I'm feeling very distressed and just realized that I felt similarly when the first plane hit the tower on 9/11. This has happened, is still happening and right now there isn't anything anyone can do about it (other than donate and volunteer to help control the damage/ fallout). My husband is currently in the U.S. for work, in a red state, and can't wait to leave. Our hearts are with you.
posted by Laura in Canada at 7:43 AM on November 9, 2016 [9 favorites]


omg attica locke just told it how it is to some mealymouthed npr white dude on morning edition, calling out racism and sexism. he tried saying "not all trump supporters" and she was all "nah"

i needed that.
posted by entropicamericana at 7:43 AM on November 9, 2016 [16 favorites]


You need 2/3 of the States to approve them

my bad - it is 3/4
posted by thelonius at 7:45 AM on November 9, 2016


Ok well, facebook is getting me through the stages of mourning today. I put up a post about how I'm reminding myself this morning that God wins in the end (I am religious), but really I'm just heartbroken and having trouble encouraging myself, etc.

Trump voter "friend" posted "Wish you could say that with faith and conviction." Yes folks, I just got publicly faith shamed by a person who voted for Donald J. Trump. In Florida.

I just about broke my finger clicking the x on that comment, and started transitioning from heartbroken to fighting mad.

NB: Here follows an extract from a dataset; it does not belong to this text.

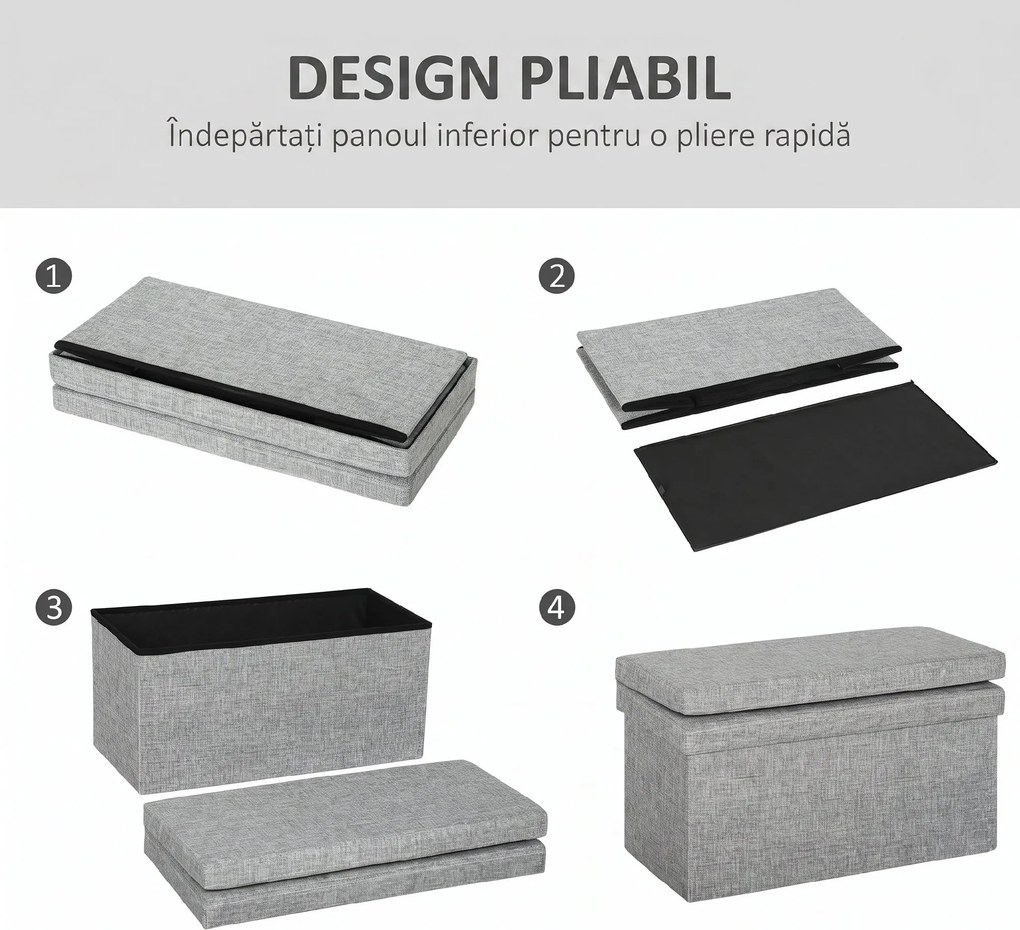 HOMCOM Bancă Pliabilă cu Spătar și Compartiment de 77L, Acoperire din Țesătură, 76x50x73 cm, Gri | Aosom Romania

I am ready to oppose this madness, all the time and everywhere.

Now to figure out how the hell to do that.
posted by gerstle at 7:46 AM on November 9, 2016 [23 favorites]


@DomenicoNPR
Turnout
2012 Obama: 65.9m
2016 Clinton: 59.1m = -6.8m
2012 Romney: 60.9m
2016 Trump: 59m = -1.9m

You tell me what happened
posted by chris24 at 7:47 AM on November 9, 2016 [40 favorites]


Being president-elect doesn't give him any special legal rights.

As someone reminded me on chat last night, even if he's jailed all he would have to do is wait a few months and then pardon himself.
posted by corb at 7:48 AM on November 9, 2016 [3 favorites]


soundguy99: “A resurgence of really excellent music 4 to 10 years from now is cold comfort.”

I know it's still cold comfort, but that "resurgence of excellent music" that a lot of us older folks have been predicting might happen in the future, given the current political situation? It's already happening. Black culture is going through a renaissance which is squarely focused on the current American struggle; we just have to wake up to it.
posted by koeselitz at 7:48 AM on November 9, 2016 [10 favorites]


>Can someone briefly make a soothing argument that I shouldn't be worried about nuclear war?

Clinton lost and she said several times that she wants a no-fly-zone over Syria. And this would lead to a direct confrontation with Russia. So there is that.
posted by bdz at 7:49 AM on November 9, 2016 [4 favorites]


My jewish wife said to me this morning that she's considering changing her (jewish) last name to mine.

Fuck this election.
posted by Talez at 7:49 AM on November 9, 2016 [5 favorites]


from Chaplin:

Douglas Fairbanks: Charles, you're a foreigner; you're still an outsider. You've never understood this country.

Charlie Chaplin: It's a good country underneath, Doug.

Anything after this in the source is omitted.